FSG logistics manager Mr Ngoni Kandeya said the fertilsier company was well prepared for the summer season and is currently producing 1 500 tonnes of fertilisers per day.

“We are ahead in terms of production, mobilisation and financing, so we are now at the distribution part of the process. We have commenced distributing basal fertiliser for the Presidential Input Scheme and other related programmes.” 

Valley Seeds said it is ready to support farmers with a variety of seed for maize and traditional grains that grow well in semi-arid regions.

ARDA board chairman Mr Ivan Craig urged farmers to have their soil tested for PH.

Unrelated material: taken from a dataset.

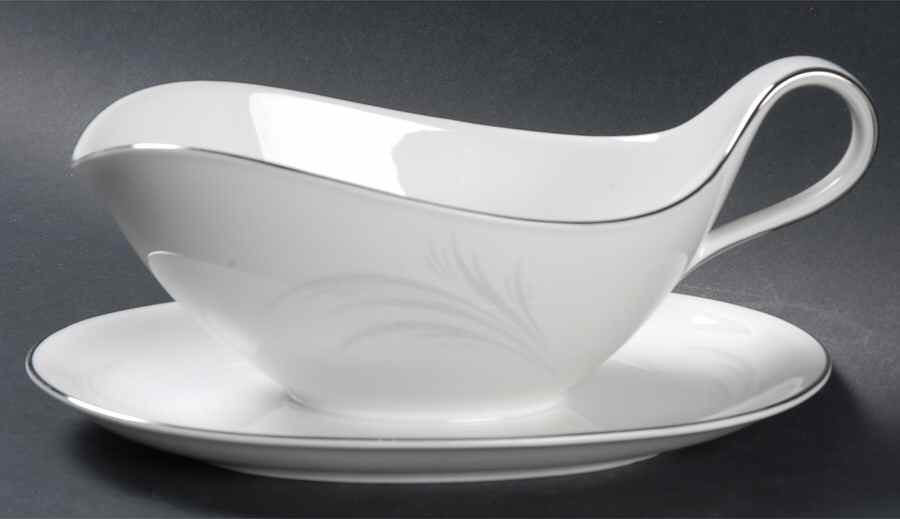 19307 Gravy Boat with Attached Underplate by Heinrich - H&C-1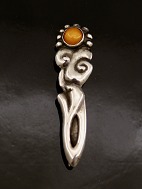 830 slv art nouveau broche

He also said farmers should position themselves to produce good harvests. 

“You should practice good preparation to acquire better yields. Soil testing is very critical.“Health and fitness of farmers is required for one to increase production. There is nothing wrong with exercising,” he said. 

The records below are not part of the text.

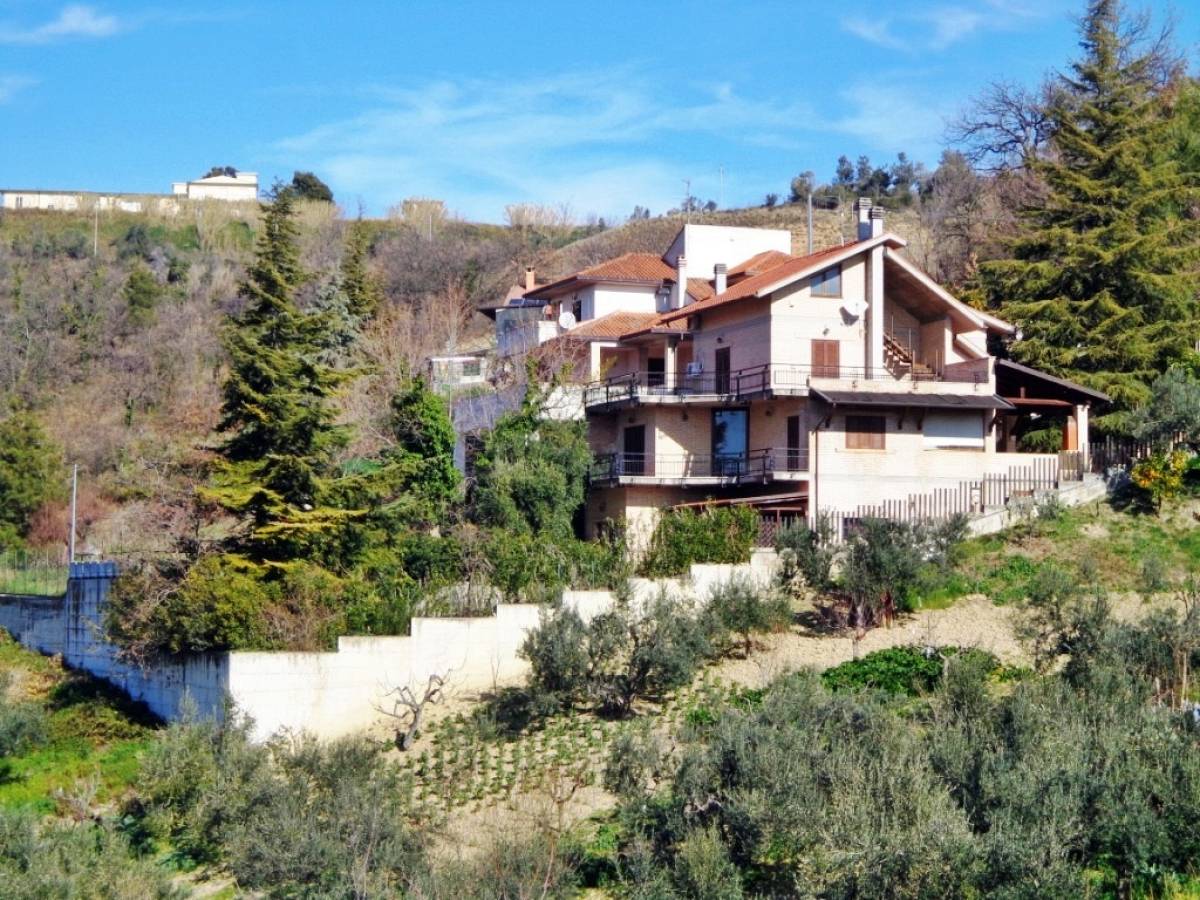 Villa for sale in strada villaggio del fanciullo  at Chieti - 7895305 foto 1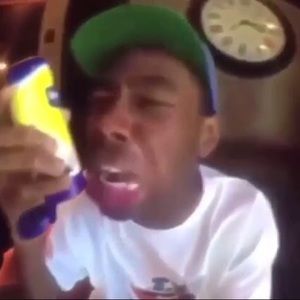 Meet your Posher, Ayanna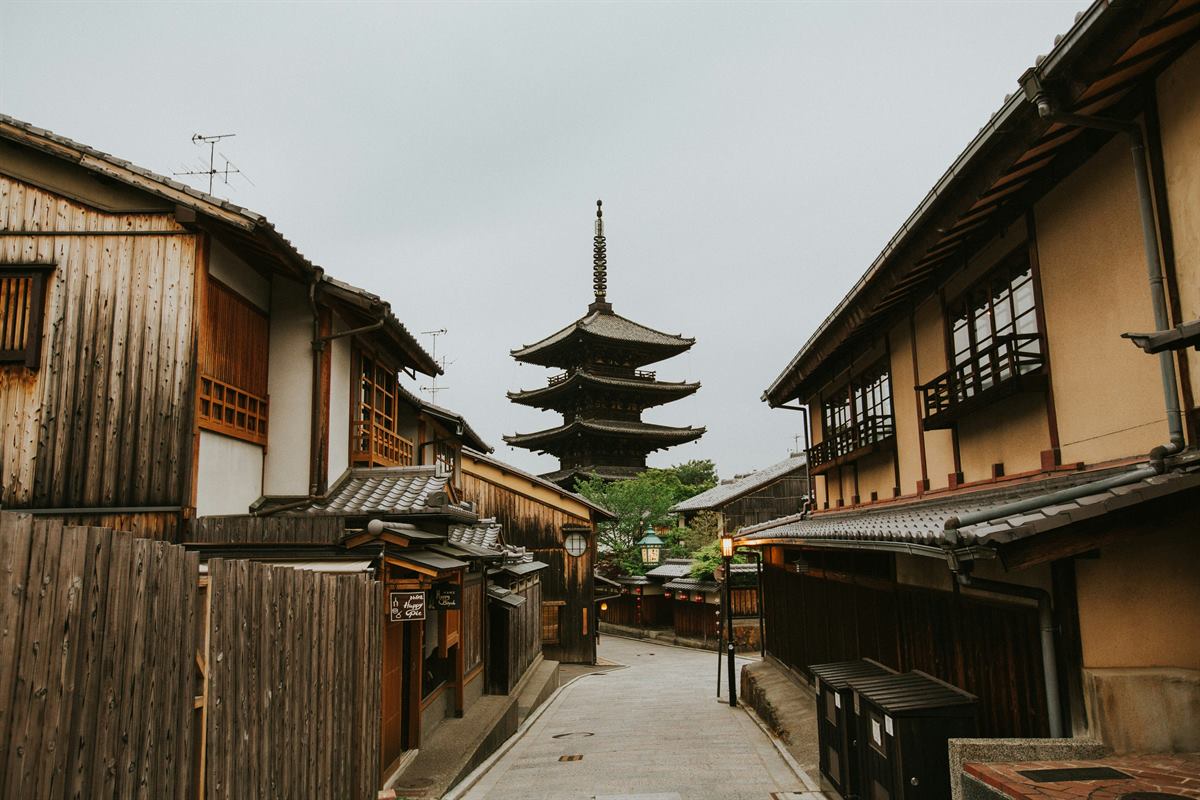 Puerta Yomeimon del santuario Tosho-gu en Nikko entre cedros centenarios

Farmers were also warned to watch out for livestock diseases and urged to stock up on dipping chemicals and ensure consistent dipping. 

Securing inputs early was also recommended for farmers to avoid the last-minute rush. Agriculture is the backbone of Zimbabwe’s economy contributing immensely to gross domestic product and is also one of the major foreign currency earners after mining. 

The sector provides employment and income directly and indirectly for about 70 percent of the population, supplies 65 percent of the raw materials required in local industries as well as contributing to total export earnings, mostly through tobacco and horticulture.

Agriculture is also key in the pursuit of growth of the rural economy as the sector is up to four times more powerful at reducing poverty than any other sector.